Sleepers to See: A Bittersweet Poem of Paternal Love in 'Like Father, Like Son'

January tends to get the reputation of being Hollywood's dumping ground of movies that aren't going to make critics happy. But it's a new year and there's plenty of great flicks to catch in theaters, including many of the Oscar-nominated contenders. One of the new films opening this weekend in New York (and expanding to L.A. next week) is the Cannes Film Festival Jury Prize winner from veteran Japanese director Hirokazu Kore-eda.
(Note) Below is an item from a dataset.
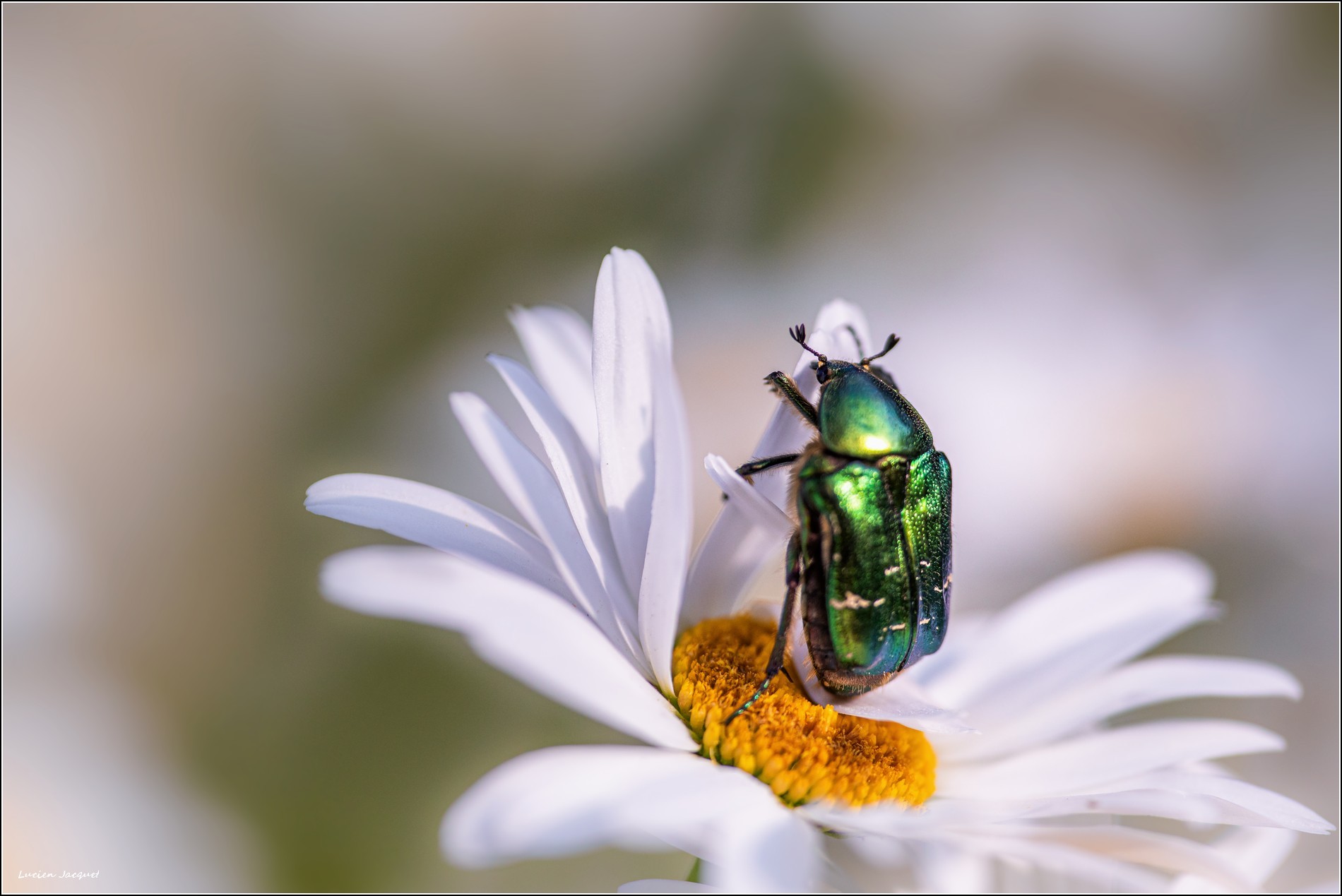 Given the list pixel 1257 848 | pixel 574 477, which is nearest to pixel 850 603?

If you're in New York or in one of the upcoming expanding markets, here's one "sleeper" you should definitely consider watching.
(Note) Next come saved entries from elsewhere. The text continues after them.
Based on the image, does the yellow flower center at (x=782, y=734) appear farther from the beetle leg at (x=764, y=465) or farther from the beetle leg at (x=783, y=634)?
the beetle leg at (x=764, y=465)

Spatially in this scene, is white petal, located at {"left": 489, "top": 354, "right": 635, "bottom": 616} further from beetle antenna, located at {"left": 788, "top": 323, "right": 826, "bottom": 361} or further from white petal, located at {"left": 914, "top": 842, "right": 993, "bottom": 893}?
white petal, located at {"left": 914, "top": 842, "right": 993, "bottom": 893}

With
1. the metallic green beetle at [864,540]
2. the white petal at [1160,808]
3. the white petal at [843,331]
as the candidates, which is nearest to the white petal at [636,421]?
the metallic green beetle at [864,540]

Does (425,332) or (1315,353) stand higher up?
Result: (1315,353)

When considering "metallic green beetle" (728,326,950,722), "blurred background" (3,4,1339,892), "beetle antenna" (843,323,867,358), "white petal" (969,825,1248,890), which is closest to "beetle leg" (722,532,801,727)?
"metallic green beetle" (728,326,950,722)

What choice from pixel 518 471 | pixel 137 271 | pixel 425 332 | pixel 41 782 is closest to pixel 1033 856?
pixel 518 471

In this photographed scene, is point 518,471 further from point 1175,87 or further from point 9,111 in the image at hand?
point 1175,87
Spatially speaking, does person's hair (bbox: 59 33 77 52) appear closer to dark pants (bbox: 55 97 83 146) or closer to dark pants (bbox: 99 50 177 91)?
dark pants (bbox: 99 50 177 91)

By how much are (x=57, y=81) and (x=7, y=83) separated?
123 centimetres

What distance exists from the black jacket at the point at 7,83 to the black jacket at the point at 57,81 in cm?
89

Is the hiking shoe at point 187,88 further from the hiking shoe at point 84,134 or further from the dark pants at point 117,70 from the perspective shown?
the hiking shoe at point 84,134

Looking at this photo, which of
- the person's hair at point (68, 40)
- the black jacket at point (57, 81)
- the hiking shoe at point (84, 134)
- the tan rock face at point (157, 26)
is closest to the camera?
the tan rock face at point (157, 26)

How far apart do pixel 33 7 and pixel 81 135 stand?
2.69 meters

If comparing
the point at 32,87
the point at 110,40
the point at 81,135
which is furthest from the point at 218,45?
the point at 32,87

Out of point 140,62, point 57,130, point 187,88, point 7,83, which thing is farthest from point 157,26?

THE MOVIE: Like Father, Like Son

THE DIRECTOR: Hirokazu Kore-eda

THE STORY:  An upper-middle-class family learns that the son they've been raising for six years was actually switched at birth. The revelation sets off a series of emotional and life-changing decisions to raise their biological son or the child they've raised as their own.
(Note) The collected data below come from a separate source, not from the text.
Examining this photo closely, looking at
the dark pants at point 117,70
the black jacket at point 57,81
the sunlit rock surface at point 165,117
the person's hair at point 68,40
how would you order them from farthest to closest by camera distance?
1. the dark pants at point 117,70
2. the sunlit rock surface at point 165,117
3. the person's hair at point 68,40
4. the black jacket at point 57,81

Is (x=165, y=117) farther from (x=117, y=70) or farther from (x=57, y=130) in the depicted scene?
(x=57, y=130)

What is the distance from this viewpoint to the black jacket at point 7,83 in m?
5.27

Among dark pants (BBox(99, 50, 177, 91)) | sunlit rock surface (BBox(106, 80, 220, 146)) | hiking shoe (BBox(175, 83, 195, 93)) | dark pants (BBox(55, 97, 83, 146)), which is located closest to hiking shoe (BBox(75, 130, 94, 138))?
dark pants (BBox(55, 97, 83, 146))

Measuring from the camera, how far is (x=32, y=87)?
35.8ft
WHY YOU SHOULD SEE IT: You may read that synopsis above and think this has soap-y Lifetime movie of the week written all over it. But it's not. The winner of the Grand Jury Prize at last year's Cannes Film Festival never spins that far out of control. It makes you care about the characters, not just the kids, but the adults as well, as they struggle to come to terms with the stunning revelation.

The film impressed Steven Spielberg so much that he is moving forward with an American remake, a project where he'll serve as producer.

Family dramas are a tough genre to crack. There has to be the right amount balance of emotion and candor to make an audience want to sit there for two hours. Award-winning director Kore-eda does just that in this bittersweet poem about paternal love.

THE BUZZ: In addition to winning the Grand Jury Prize at last year's Cannes Film Festival, Like Father, Like Son was also nominated for the festival's top prize, the Palme d'Or. Kore-eda and the film have also been nominated at the Asia-Pacific, London, Ghent, Vancouver, Yokohama, Oslo and San Paulo film festivals.